Assigned task: Every entry below should come back unchanged, except that the pictures are dropped.

Supplied material:
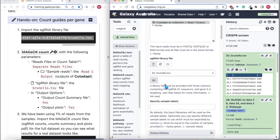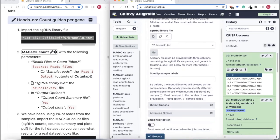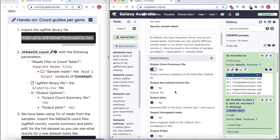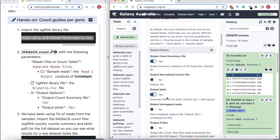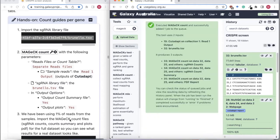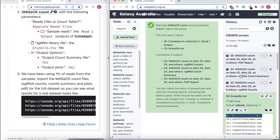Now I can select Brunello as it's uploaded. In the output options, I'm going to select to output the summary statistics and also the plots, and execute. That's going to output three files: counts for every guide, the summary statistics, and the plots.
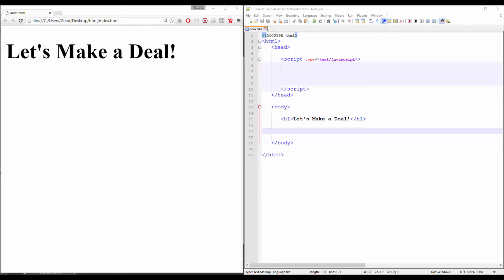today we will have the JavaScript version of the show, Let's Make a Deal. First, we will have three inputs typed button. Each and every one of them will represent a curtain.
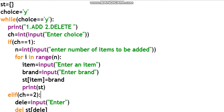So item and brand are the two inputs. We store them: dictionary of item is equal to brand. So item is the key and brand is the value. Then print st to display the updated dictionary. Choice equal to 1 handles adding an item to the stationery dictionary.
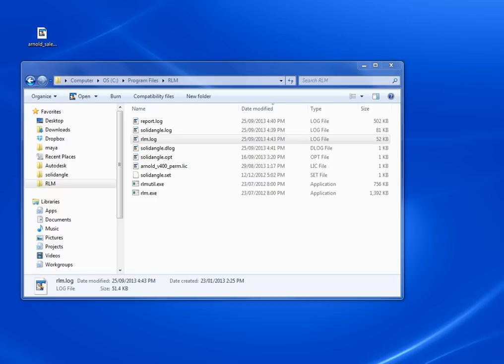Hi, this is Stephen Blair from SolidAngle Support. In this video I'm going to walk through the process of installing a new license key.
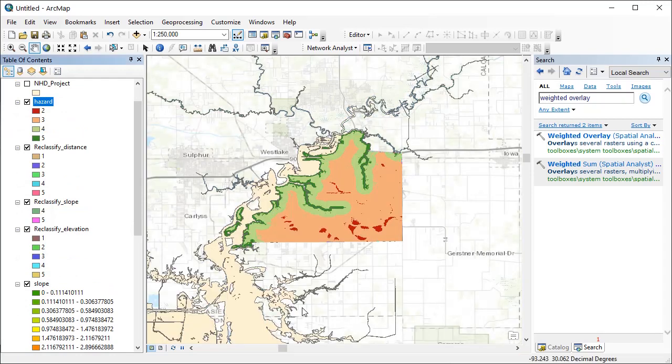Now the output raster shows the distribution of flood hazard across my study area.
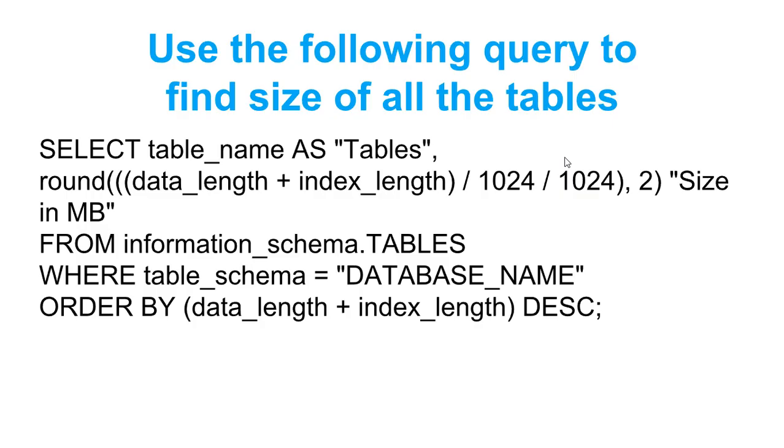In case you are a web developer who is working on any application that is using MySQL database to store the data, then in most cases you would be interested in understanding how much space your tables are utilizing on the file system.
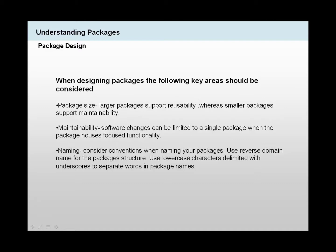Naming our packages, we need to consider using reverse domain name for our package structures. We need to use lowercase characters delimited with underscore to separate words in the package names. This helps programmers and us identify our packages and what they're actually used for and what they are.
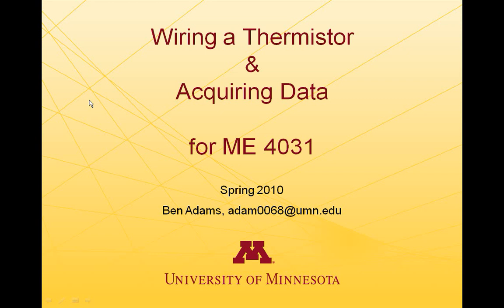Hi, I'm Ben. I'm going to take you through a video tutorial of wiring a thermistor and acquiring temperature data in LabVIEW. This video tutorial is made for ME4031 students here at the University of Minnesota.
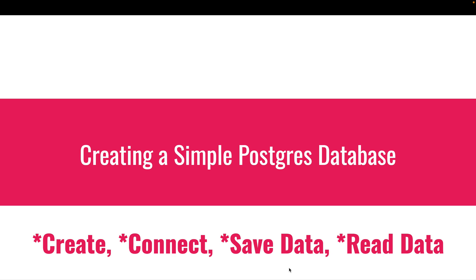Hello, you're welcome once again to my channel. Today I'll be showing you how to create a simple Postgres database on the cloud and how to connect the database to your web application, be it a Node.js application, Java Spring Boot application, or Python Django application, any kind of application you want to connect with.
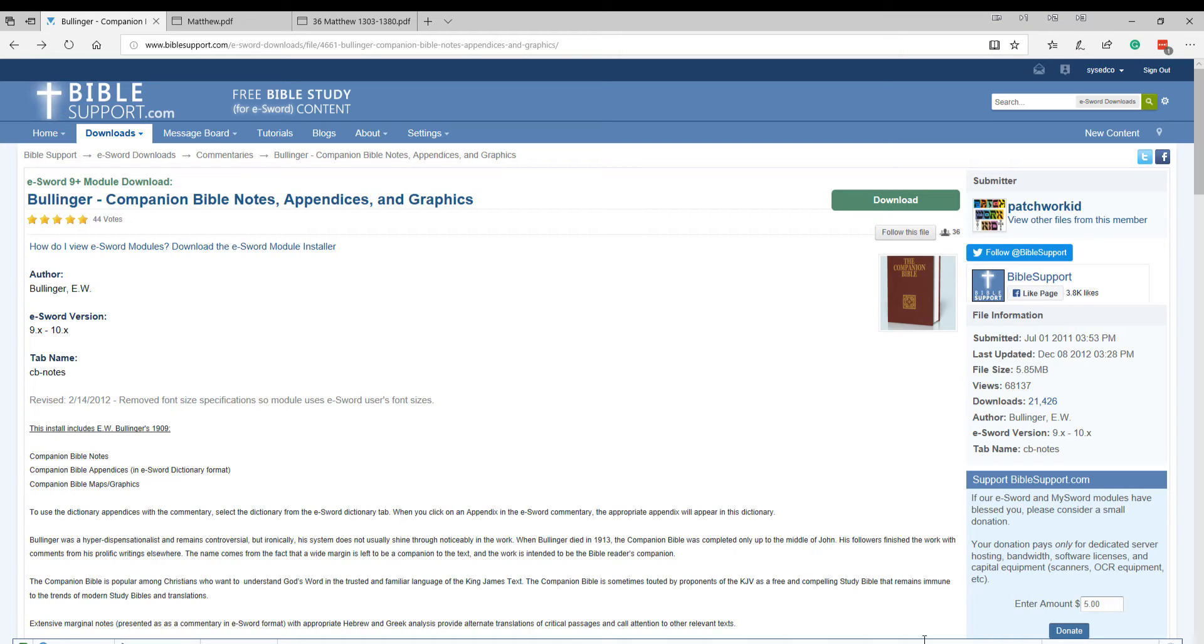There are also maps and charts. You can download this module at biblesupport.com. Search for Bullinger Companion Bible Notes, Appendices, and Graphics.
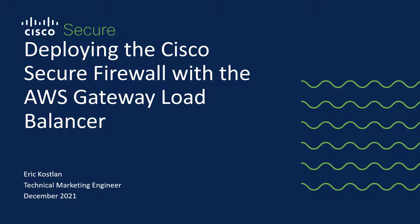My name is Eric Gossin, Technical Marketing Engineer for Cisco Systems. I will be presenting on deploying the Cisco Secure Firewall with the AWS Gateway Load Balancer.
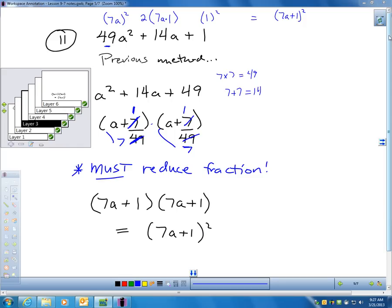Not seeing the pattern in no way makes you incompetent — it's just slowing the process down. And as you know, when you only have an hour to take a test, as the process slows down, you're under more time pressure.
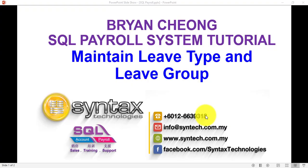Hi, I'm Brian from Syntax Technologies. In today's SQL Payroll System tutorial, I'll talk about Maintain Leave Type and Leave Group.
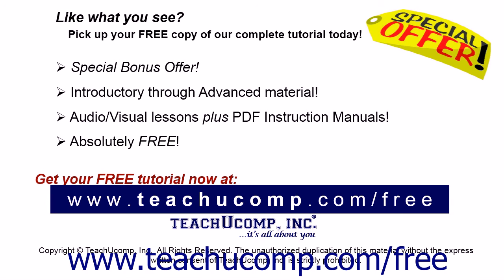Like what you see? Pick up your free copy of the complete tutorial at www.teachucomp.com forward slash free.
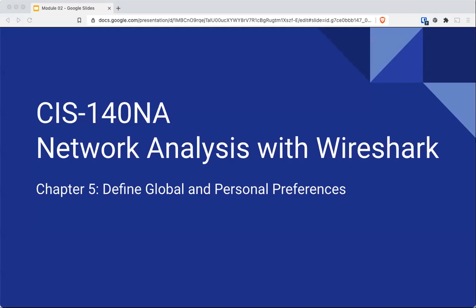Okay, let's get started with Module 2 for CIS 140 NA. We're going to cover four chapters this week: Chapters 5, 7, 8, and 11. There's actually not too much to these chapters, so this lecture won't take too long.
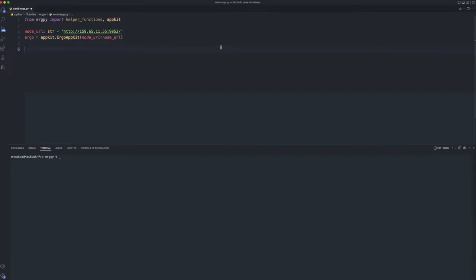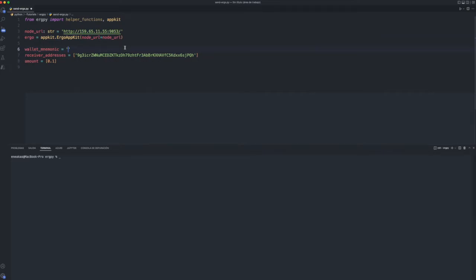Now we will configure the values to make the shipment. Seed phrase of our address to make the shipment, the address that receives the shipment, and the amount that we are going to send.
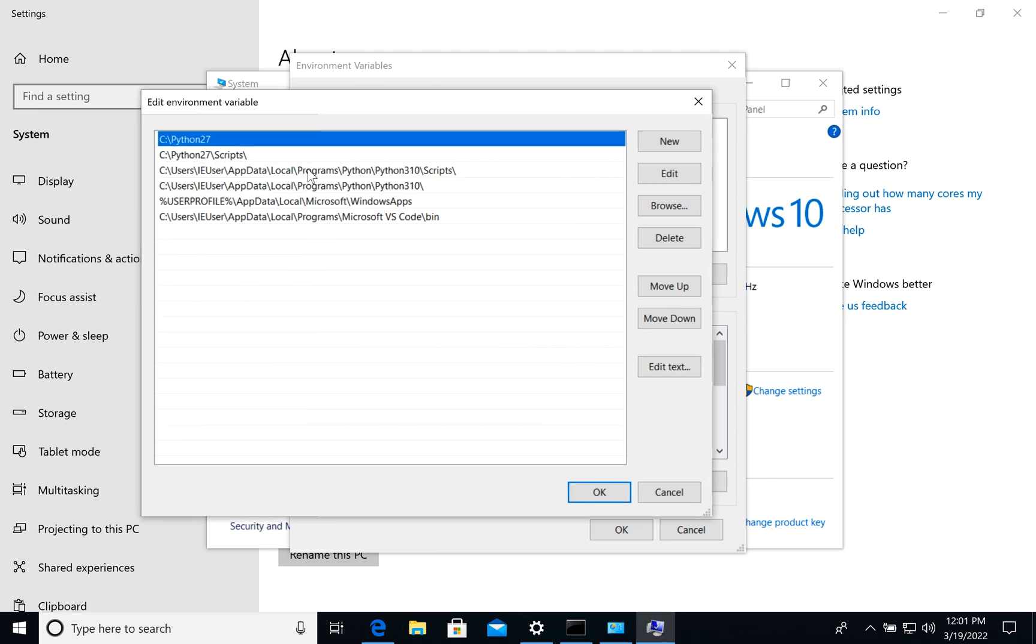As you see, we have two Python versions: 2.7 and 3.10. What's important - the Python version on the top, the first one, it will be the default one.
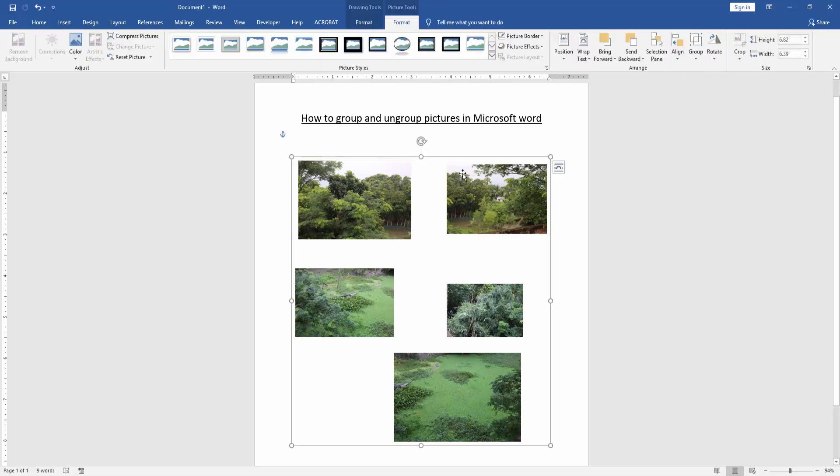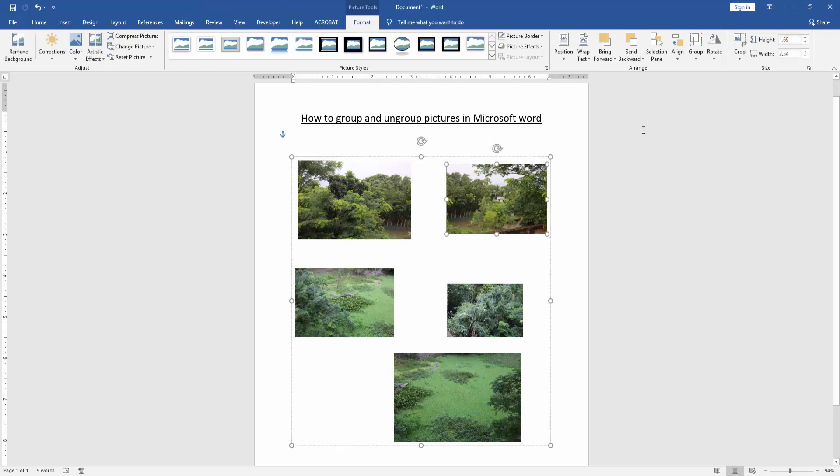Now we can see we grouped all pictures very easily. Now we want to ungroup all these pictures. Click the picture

Exercise response:
Now I can select Brunello as it's uploaded. In the output options, I'm going to select to output the summary statistics and also the plots, and execute. That's going to output three files: counts for every guide, the summary statistics, and the plots.
today we will have the JavaScript version of the show, Let's Make a Deal. First, we will have three inputs typed button. Each and every one of them will represent a curtain.
So item and brand are the two inputs. We store them: dictionary of item is equal to brand. So item is the key and brand is the value. Then print st to display the updated dictionary. Choice equal to 1 handles adding an item to the stationery dictionary.
Hi, this is Stephen Blair from SolidAngle Support. In this video I'm going to walk through the process of installing a new license key.
Now the output raster shows the distribution of flood hazard across my study area.
In case you are a web developer who is working on any application that is using MySQL database to store the data, then in most cases you would be interested in understanding how much space your tables are utilizing on the file system.
Naming our packages, we need to consider using reverse domain name for our package structures. We need to use lowercase characters delimited with underscore to separate words in the package names. This helps programmers and us identify our packages and what they're actually used for and what they are.
Hi, I'm Ben. I'm going to take you through a video tutorial of wiring a thermistor and acquiring temperature data in LabVIEW. This video tutorial is made for ME4031 students here at the University of Minnesota.
Hello, you're welcome once again to my channel. Today I'll be showing you how to create a simple Postgres database on the cloud and how to connect the database to your web application, be it a Node.js application, Java Spring Boot application, or Python Django application, any kind of application you want to connect with.
There are also maps and charts. You can download this module at biblesupport.com. Search for Bullinger Companion Bible Notes, Appendices, and Graphics.
My name is Eric Gossin, Technical Marketing Engineer for Cisco Systems. I will be presenting on deploying the Cisco Secure Firewall with the AWS Gateway Load Balancer.
Not seeing the pattern in no way makes you incompetent — it's just slowing the process down. And as you know, when you only have an hour to take a test, as the process slows down, you're under more time pressure.
Hi, I'm Brian from Syntax Technologies. In today's SQL Payroll System tutorial, I'll talk about Maintain Leave Type and Leave Group.
Like what you see? Pick up your free copy of the complete tutorial at www.teachucomp.com forward slash free.
Okay, let's get started with Module 2 for CIS 140 NA. We're going to cover four chapters this week: Chapters 5, 7, 8, and 11. There's actually not too much to these chapters, so this lecture won't take too long.
Now we will configure the values to make the shipment. Seed phrase of our address to make the shipment, the address that receives the shipment, and the amount that we are going to send.
As you see, we have two Python versions: 2.7 and 3.10. What's important - the Python version on the top, the first one, it will be the default one.
Now we can see we grouped all pictures very easily. Now we want to ungroup all these pictures. Click the picture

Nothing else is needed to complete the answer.